Le début de la production du gaz du projet GTA est encore repoussé. La nouvelle échéance est annoncée par les ministres des deux pays, pour le troisième trimestre de 2024, soit au moins 3 mois de plus que le dernier délai qui a été rendu public il y a quelques.

Le projet a déjà connu un retard de 28 mois par rapport à la première échéance retenue pour le « first gaz », c’est-à-dire le 1er Avril 2022. « Ces retards ont une incidence sur l’ensemble des indicateurs socioéconomiques et financiers du projet », a déclaré M Ministre mauritanien du Pétrole, des Mines et de la Géologie M.  Nani Ould Chrougha.

Les retards ont été notés dans les 5 principales composantes de GTA que sont les forages, les infrastructures, le grand bateau qui est le FPSO chargé de faire des séparations entre le gaz et les autres substances, le FLNG chargé de liquéfier le gaz et le hub qui est le port en mer où les bateaux doivent accoster pour pouvoir récupérer leurs cargaisons.

Selon Nani Ould Chrougha, « ces différentes composantes ont connu des retards différenciés et je dois vous dire que par rapport au plan d’investissement initialement prévu, le projet GTA, selon les informations communiquées par les contractants au mois de Décembre 2023, a connu un retard conséquent de 28 mois. Il a été prévu que le premier gaz soit produit en avril 2022 et nous sommes aujourd’hui au mois de janvier 2024 », a déclaré le Ministre mauritanien du Pétrole, des Mines et de la Géologie,  M Nani Ould Chrougha.

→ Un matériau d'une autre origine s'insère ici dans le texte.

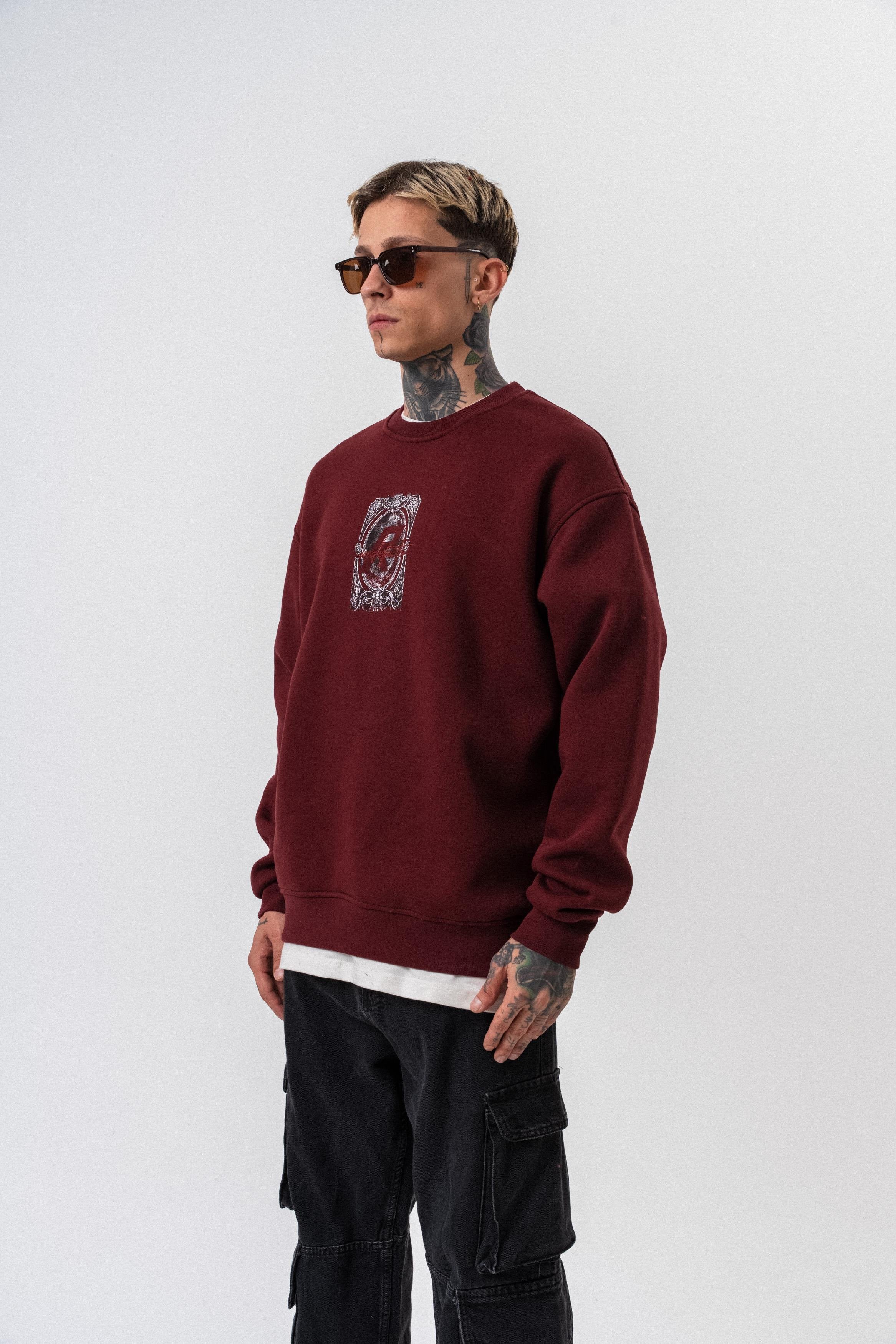 Erkek Indefinite Baskılı Bisiklet Yaka Oversize Sweatshirt Bordo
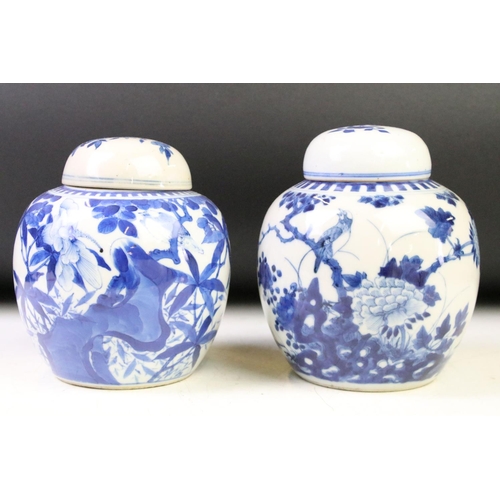 43 - Two Chinese blue & white ceramic ginger jars with covers, decorated with flowers and birds perched o... 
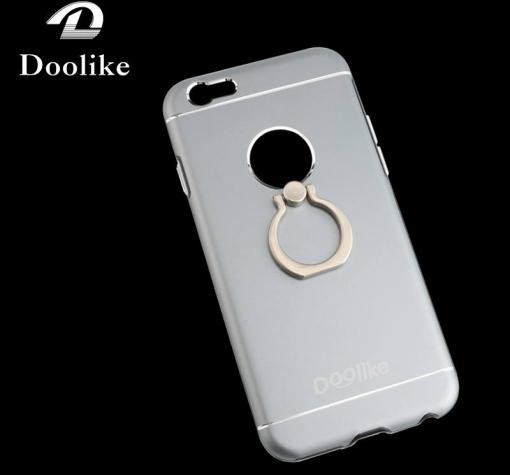 Луксозен твърд гръб DOOLIKE със стойка за Apple iPhone 6 / iPhone 6S - gray / сив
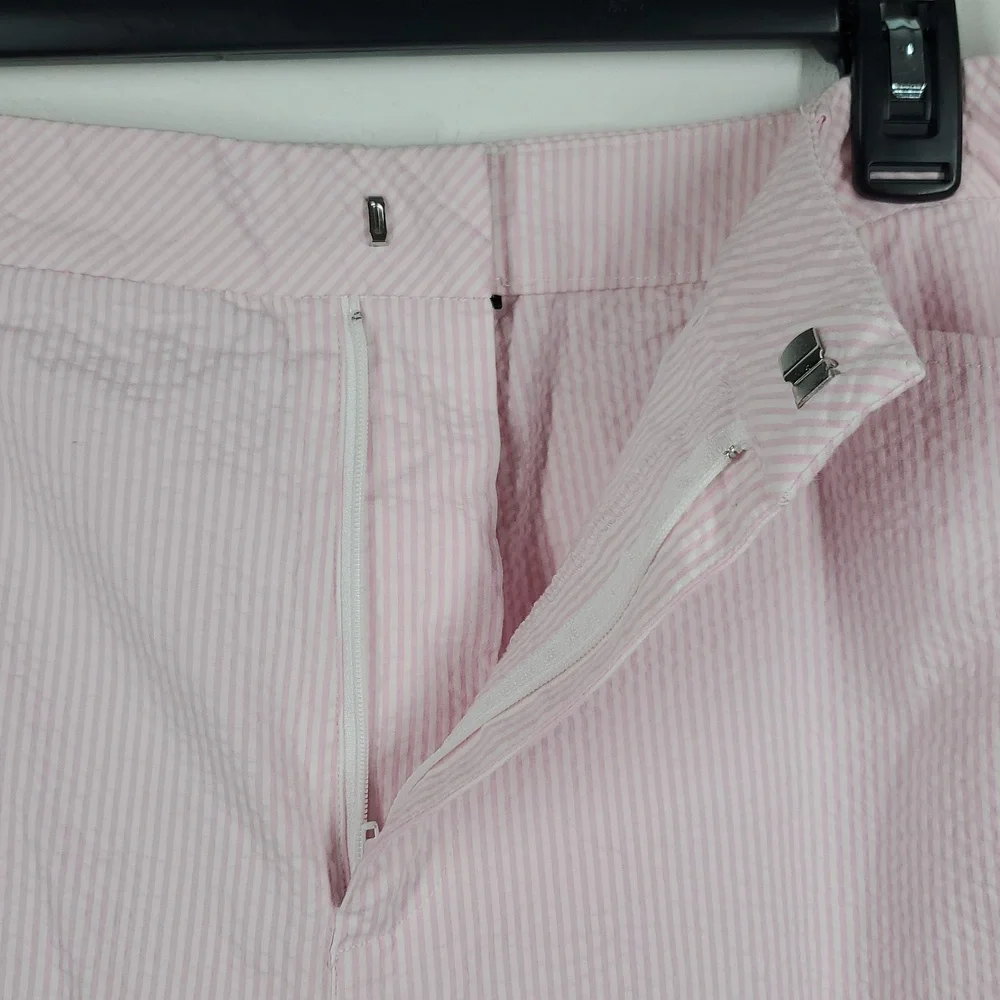 Lauren Ralph Lauren Pink Seersucker Pants Womens Straight Leg Preppy Summer - Picture 4 of 11
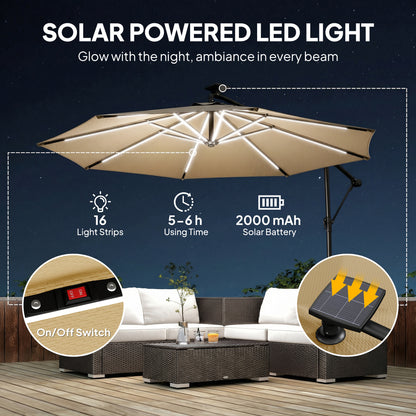 3 m Garden Cantilever Parasol with Solar Light, Rotation, Khaki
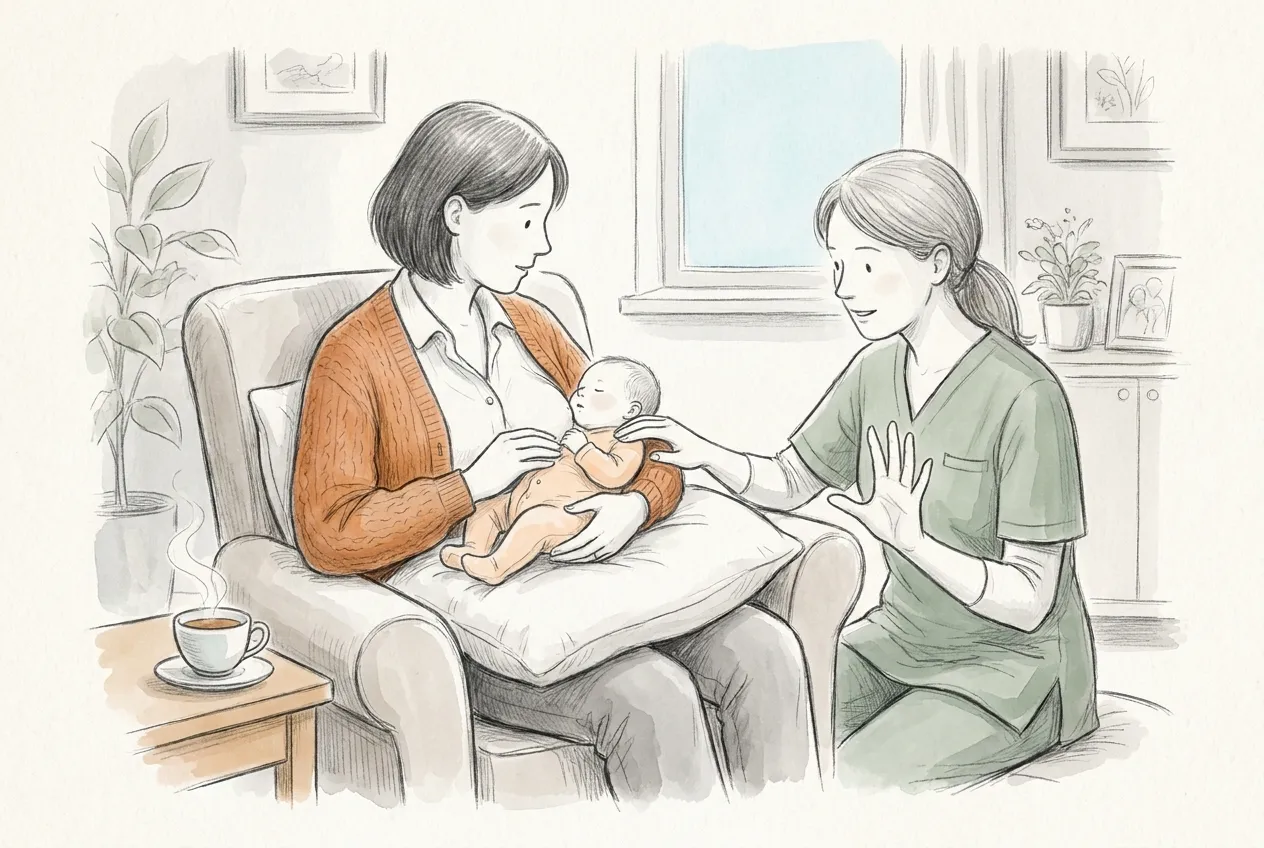 Illustrazione a matita e acquerello: un'ostetrica in divisa verde, accanto alla poltrona, accompagna con una mano le spalle del neonato verso la mamma e con l'altra mostra un gesto aperto, mentre la mamma con il cardigan arancio tiene il piccolo su un cuscino.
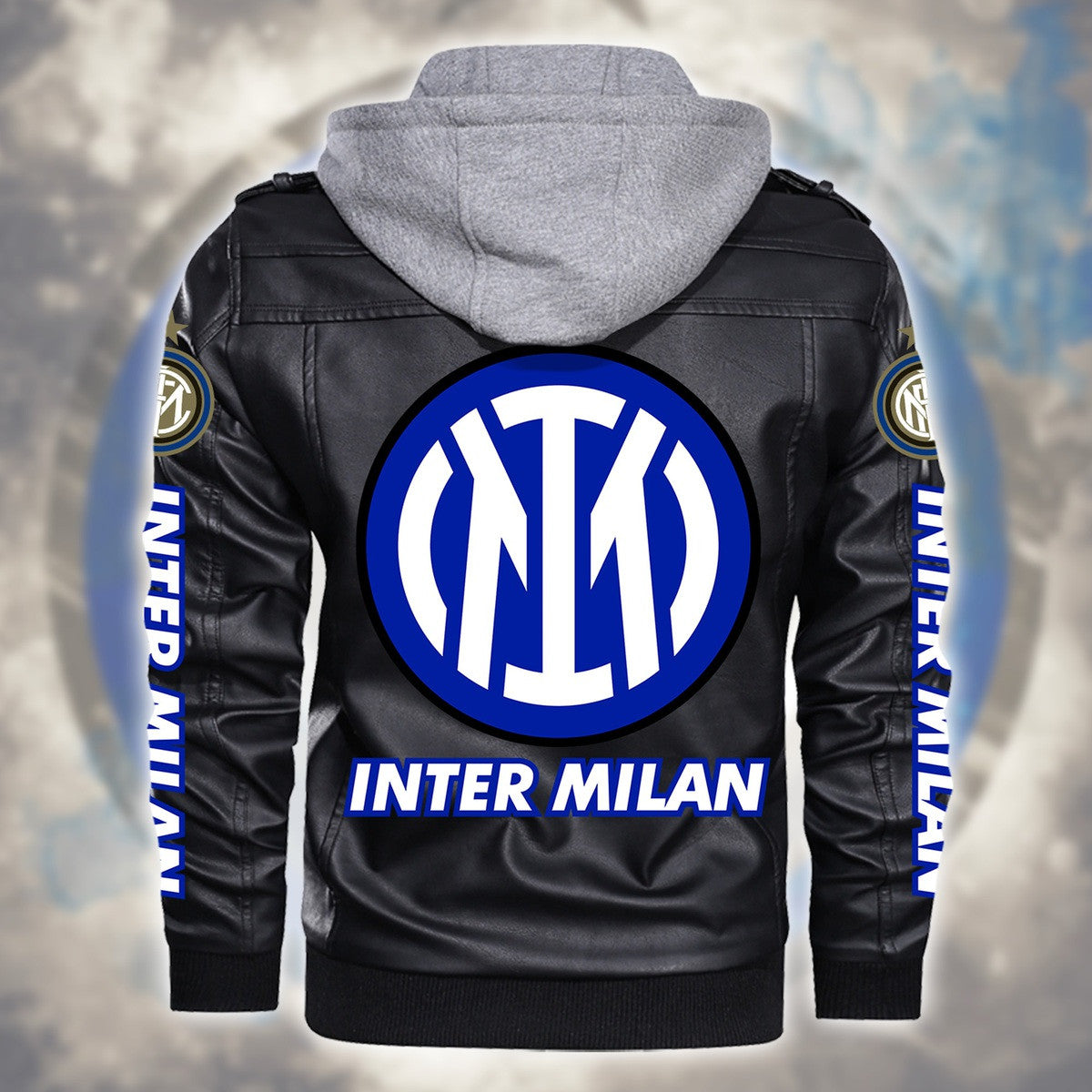 Inter Milan Leather Jacket with Hood S281007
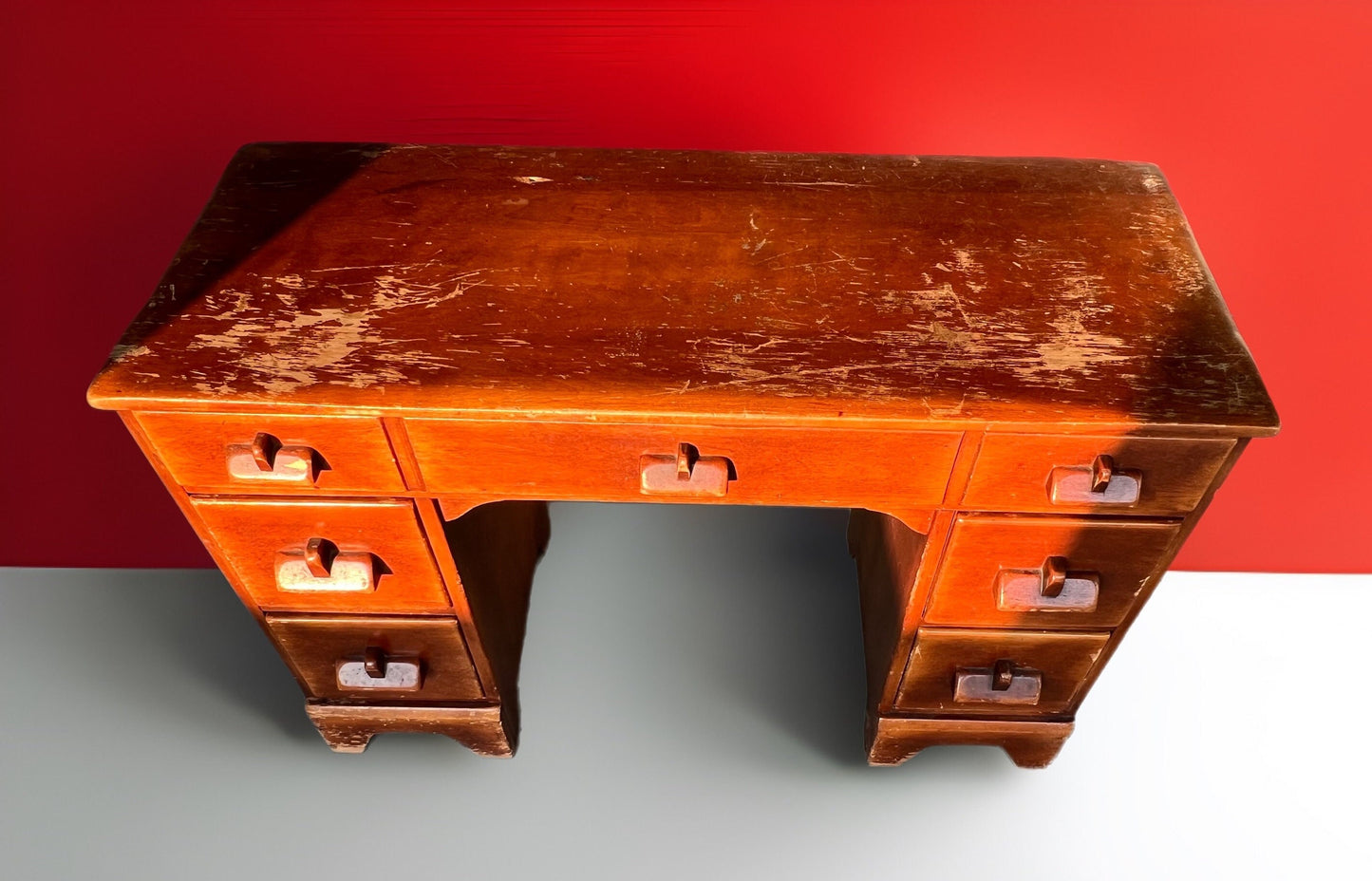 Cushman Colonial Creations Priscilla Alden Vanity No. 3051 Herman de Vries Rustic Table Small Table with Drawers Lover Antiques & Vintage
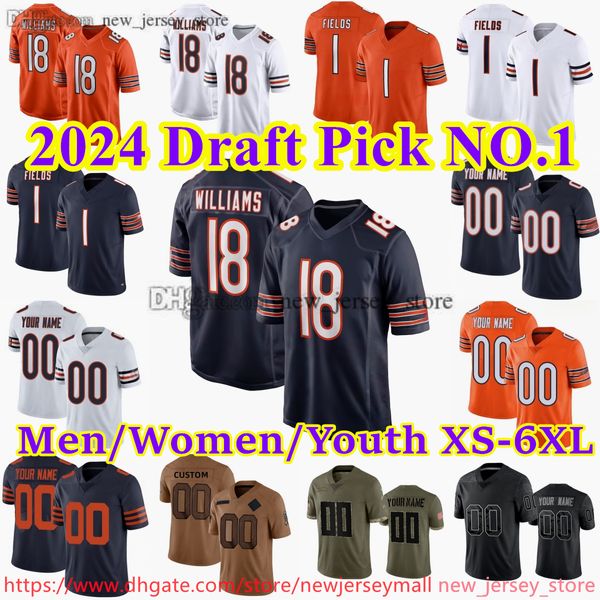 18 Calebwilliams Jersey 2024 Taslak Seçim No.1 Özel S-6XL Futbol Roma Odunze Forma Justinfields Djmoore Colekmet Jaquanbrisker Montezsweat Khalilherbert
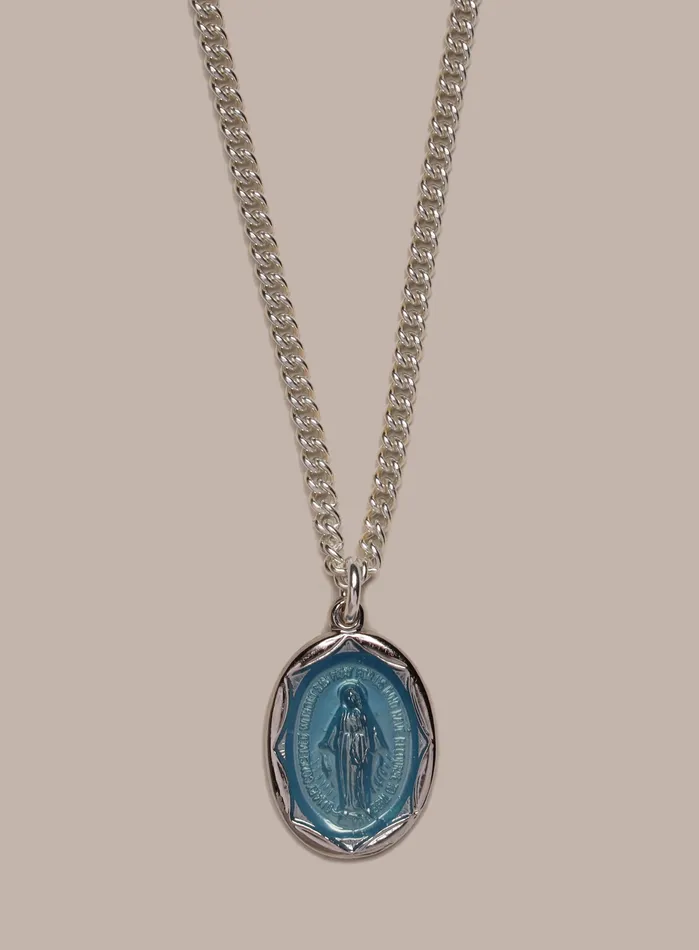 Sterling Silver Blue Enamel Miraculous Medal Oval Pendant Necklace for Men WE ARE ALL SMITH Mens Jewelry Clothing Necklaces Sterling Silver Blue Enamel Miraculous Medal Oval Pendant Necklace for Men WE ARE ALL SMITH Mens Jewelry Clothing Necklaces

L’état d’avancement global de ces différentes composantes, selon les derniers rapports des contractants, indiquent un taux d’avancement de 91%. Les différentes parties espèrent que les premiers gaz puissent être livrés à partir du 3e trimestre de 2024.

Malgré toutes ces contraintes, les deux États ont réussis à mettre en place le projet. GTA est développé de manière conjointe par le Sénégal et la Mauritanie. « Si le projet a pu être développé en toute sérénité et en toute transparence, c’est grâce à un accord cadre inter-Etat qui a mis en place l’ensemble des principes devant régir l’exploitation de ce champ gazier », se réjouit M. Nani Ould Chrougha.